Probably we could also agree that clear-headed information and pedagogy would be a better way to approach the question than “propaganda”. So maybe we will agree on a redefinition of our goals: instead of picking out at each others for being “propagandists”, we could try to explain what is going on in Russia. That would be useful.
Let’s start with a good English-language book on the country today. Any ideas? In French, for example, one could get acquainted with Michel Foucher’s or Marie Mendras’ work. Foucher is an excellent geographer/diplomat, and Mendras a Russia specialist of old, generally critical of “Putin’s Russia” but often with good reasons.
@louisclerc: Thank you for the response to my last comment. I think you’re right when you say we have much that we can agree on and much that we can’t. I don’t agree with you, for example, about Western media, which I think is far more monolithic than you give it credit for. I do believe it exists as a category: the major television and newspaper outlets of the US and Europe. The currently in-vogue approach is to challenge the use of the word “Western”, because, after all, it isn’t really inclusive of all countries in one section of the world.

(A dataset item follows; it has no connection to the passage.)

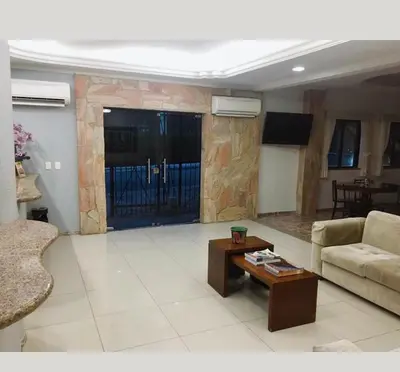 Uma área de estar em Ideal Praia Hotel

But the word actually has a long history in the English language and the complaint seems to me quite beside the point.
But I agree emphatically that it would be interesting to try to explain what’s going on in Russia. In that regard, and in specific response to your question about work in English on the subject, I would suggest starting with Stephen Cohen’s latest book, “Soviet Fates and Lost Alternatives: From Stalinism to the New Cold War”. Cohen is a professor of Russian studies at NYU and I think his perspective is more reasoned and balanced than most.
Stephen Cohen is very good, that much we can agree on…

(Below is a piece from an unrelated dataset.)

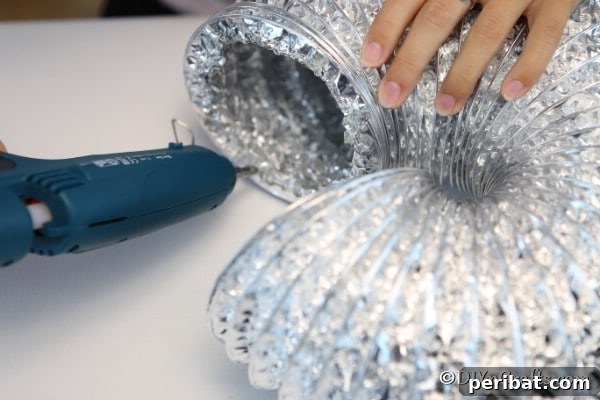 Easy DIY Dryer Vent Pumpkins Video Tutorial Included 13 Gluing ends of dryer vent together for pumpkin decor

I’ve seen Marie Mendras speak and have read her op-eds in Le Monde etc over the years. She’s excellent. Don’t know Michel Foucher. Will check him out. It’s been many years since I’ve read an actual book on Russia/the Soviet Union. Stephen Kotkin’s work looked very interesting and I thought about checking out his books. Maybe I will soon.
@Dojero: thank you for that.
@Arun: Mendras is indeed very good. Foucher is a former diplomat, but also a bona fide university geographer and writer (http://fr.wikipedia.org/wiki/Michel_Foucher). He has opinions on Russia I don’t entirely share, but he is incredibly erudit. Coming from both the academic and the diplomatic side he also has a very broad vision of things. He is also quite influential as a Foreign affairs authority – not so much anymore under Sarkozy, but under Jospin as the head of the Centre d’Analyse et de Prévision. Someone to keep in mind.

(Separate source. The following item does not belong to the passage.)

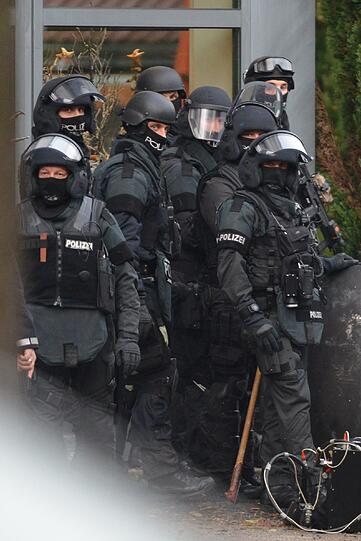 Mit erhobenen Händen kommt ein Mann auf die SEK-Beamten zu, im Hintergrund lauern Heckenschützen der Polizei. Die Beamten nehmen den Mann fest, es ist aber nicht der Täter, der sich in einem Imbiss in Freiburg veschanzt hat.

From Le Monde: La Russie face au scandale des tortures policières http://www.lemonde.fr/europe/article/2012/03/28/la-russie-face-au-scandale-des-tortures-policieres_1676973_3214.html
@Arun: I wonder how this is even remotely relevant to the discussion that’s been held here. Surely, you aren’t taking this particular scandal and suggesting that it proves something about Russia in general? About Russian police? Or perhaps we should now begin what would be the endless process of showing links to the police all around the world who have committed torture? If so, why not start a thread on that issue. It is certainly ubiquitous.
@dojero: I linked to the Le Monde article because it was relevant to what Louis Clerc wrote, notably his anecdote about the police. I didn’t feel like doing a whole new post around it.